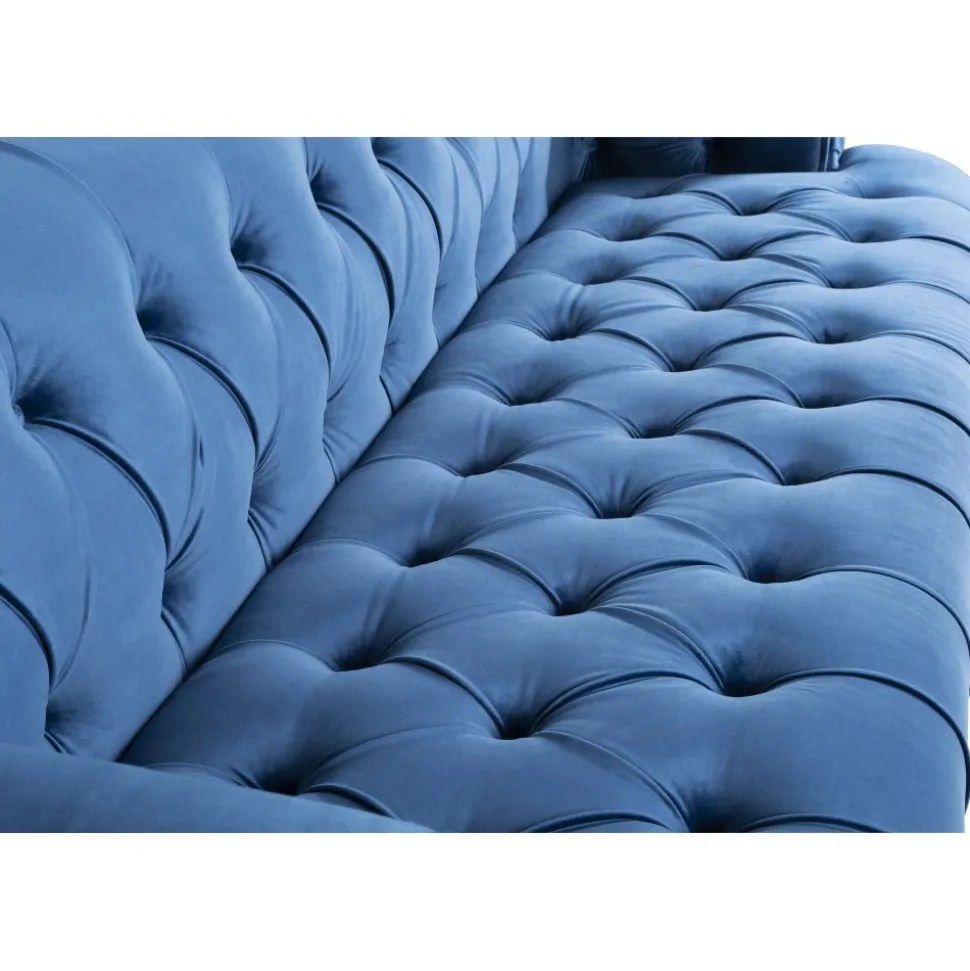 Soffa chesterfield 3-sits soffa i blå sammet
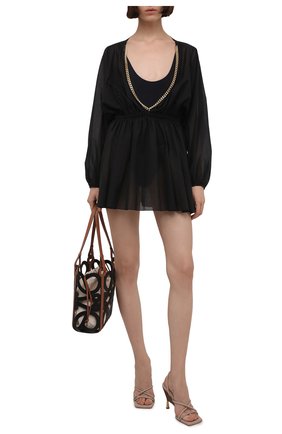 Женское хлопковое платье STELLA MCCARTNEY черного цвета по цене 47250 руб., арт. S7A701450 | Фото 2 Женское хлопковое платье STELLA MCCARTNEY черного цвета, арт. S7A701450 | Фото 2 (Материал внешний: Хлопок; Рукава: Длинные; Длина Ж (юбки, платья, шорты): Мини; Женское Кросс-КТ: Платье-одежда, Платье-пляжная одежда; Случай: Повседневный; Стили: Романтичный)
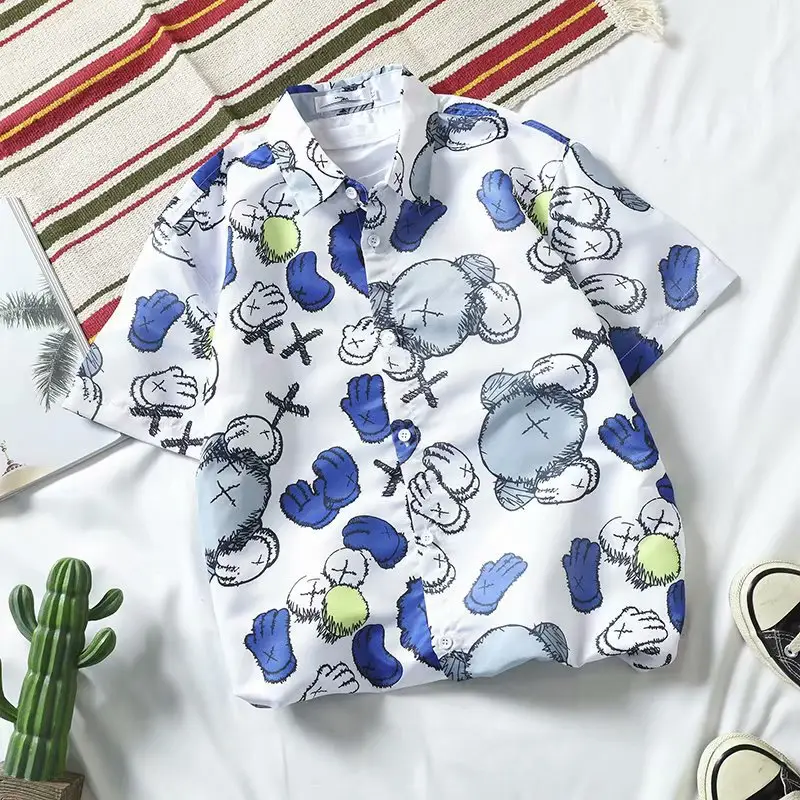 Korean Retro Floral Short Sleeve Shirt Men Women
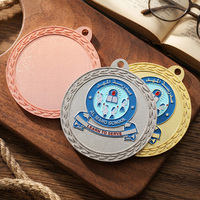 Médaille en alliage de zinc pour événements académiques, plaquée or, argent, bronze, avec logo émaillé personnalisé, pour la remise des diplômes des étudiants et des écoles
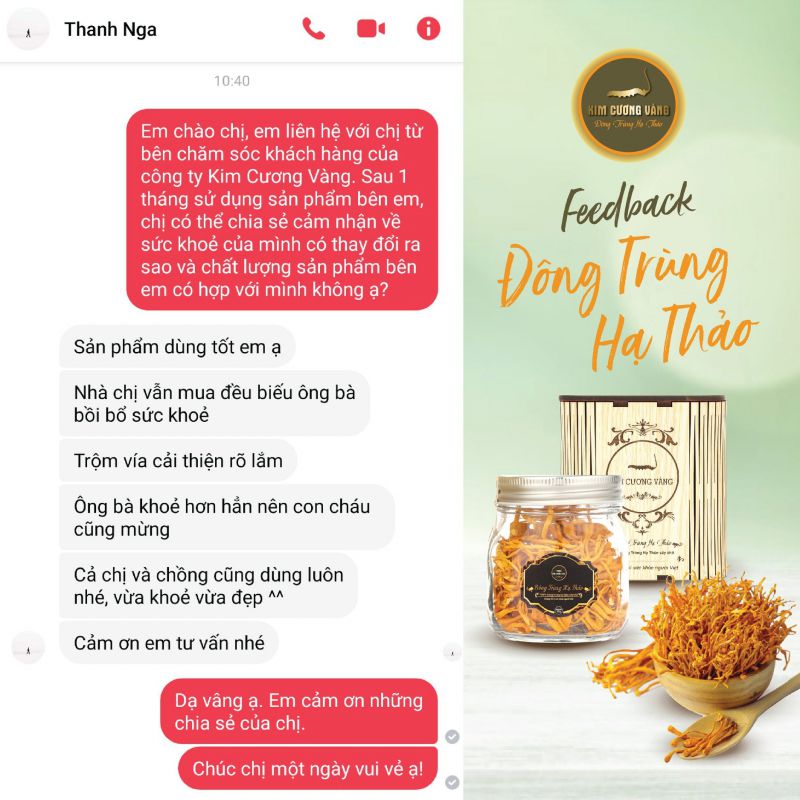 Đông Trùng Hạ Thảo - Kim Cương Vàng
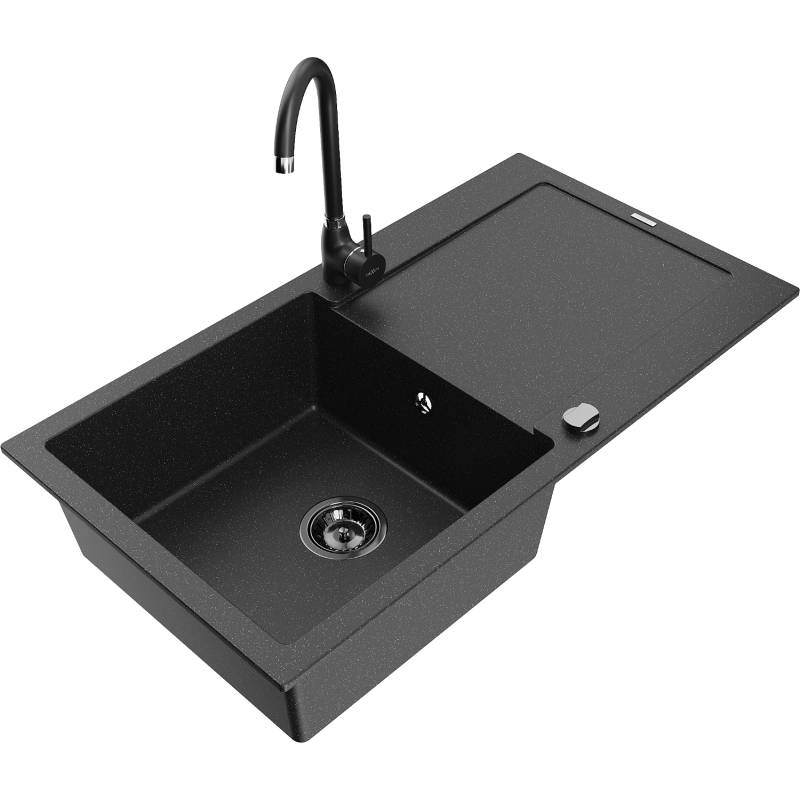 Mexen Leo Granitspüle 1-Kammer mit Abtropffläche und Küchenarmatur Telma, schwarz/silber metallic - 6501-73-670200-70-B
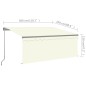vidaXL Toldo manual retráctil con persiana color crema 3x2,5m vidaXL Toldo manual retráctil con persiana color crema 3x2,5m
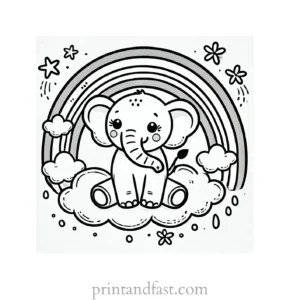 rainbow and elephant coloring page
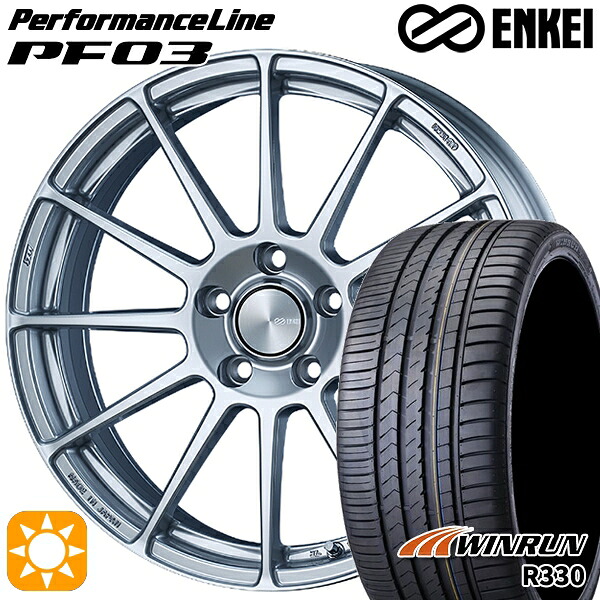 【取付対象】アウトランダー エクストレイル 225/55R18 98V ウィンラン R330 ENKEI エンケイ パフォーマンスライン PF03 スパークルシルバー 18インチ 7.0J 5H114.3 サマータイヤホイールセット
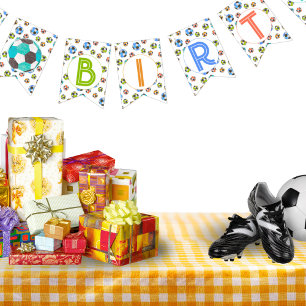 Happy Birthday Soccer Balls Bunting Banner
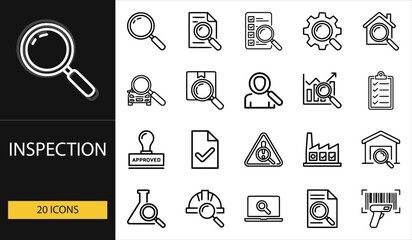 Thin line inspection icons set of 20 vector symbols including magnifier, report, checklist, document, factory, barcode, and quality control design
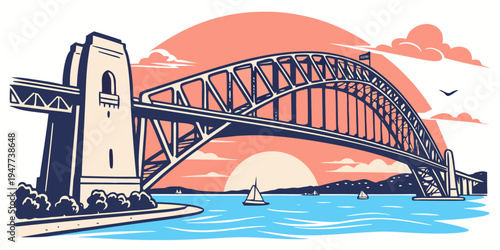 Sydney harbour bridge at sunset Vector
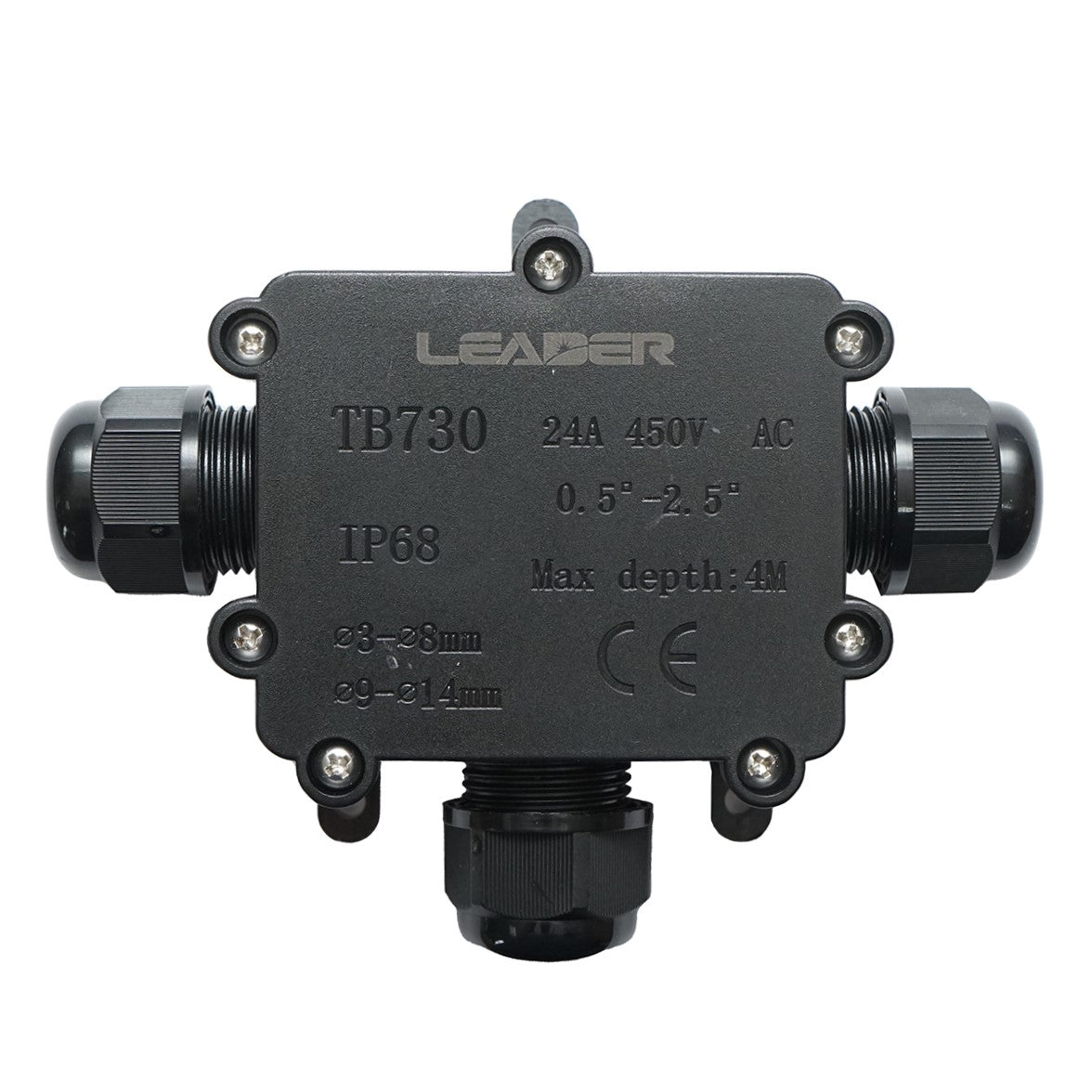 Sealed junction box with presets 24A 450V AC, 3 ways 3-14mm IP68 Leader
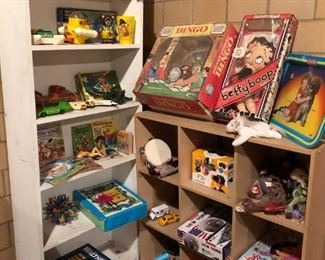 Selection of antique, vintage and contemporary toys.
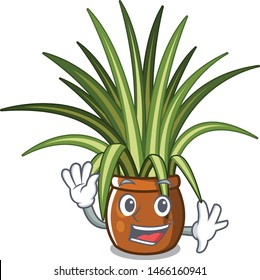 Waving spider plant isolated with in mascot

## [Description of the task]
Return the records above exactly, without the pictures.

## [The answer]
 Soffa chesterfield 3-sits soffa i blå sammet
 Женское хлопковое платье STELLA MCCARTNEY черного цвета по цене 47250 руб., арт. S7A701450 | Фото 2 Женское хлопковое платье STELLA MCCARTNEY черного цвета, арт. S7A701450 | Фото 2 (Материал внешний: Хлопок; Рукава: Длинные; Длина Ж (юбки, платья, шорты): Мини; Женское Кросс-КТ: Платье-одежда, Платье-пляжная одежда; Случай: Повседневный; Стили: Романтичный)
 Korean Retro Floral Short Sleeve Shirt Men Women
 Médaille en alliage de zinc pour événements académiques, plaquée or, argent, bronze, avec logo émaillé personnalisé, pour la remise des diplômes des étudiants et des écoles
 Đông Trùng Hạ Thảo - Kim Cương Vàng
 Mexen Leo Granitspüle 1-Kammer mit Abtropffläche und Küchenarmatur Telma, schwarz/silber metallic - 6501-73-670200-70-B
vidaXL Toldo manual retráctil con persiana color crema 3x2,5m vidaXL Toldo manual retráctil con persiana color crema 3x2,5m
 rainbow and elephant coloring page
 【取付対象】アウトランダー エクストレイル 225/55R18 98V ウィンラン R330 ENKEI エンケイ パフォーマンスライン PF03 スパークルシルバー 18インチ 7.0J 5H114.3 サマータイヤホイールセット
 Happy Birthday Soccer Balls Bunting Banner
 Thin line inspection icons set of 20 vector symbols including magnifier, report, checklist, document, factory, barcode, and quality control design
 Sydney harbour bridge at sunset Vector
 Sealed junction box with presets 24A 450V AC, 3 ways 3-14mm IP68 Leader
 Selection of antique, vintage and contemporary toys.
 Waving spider plant isolated with in mascot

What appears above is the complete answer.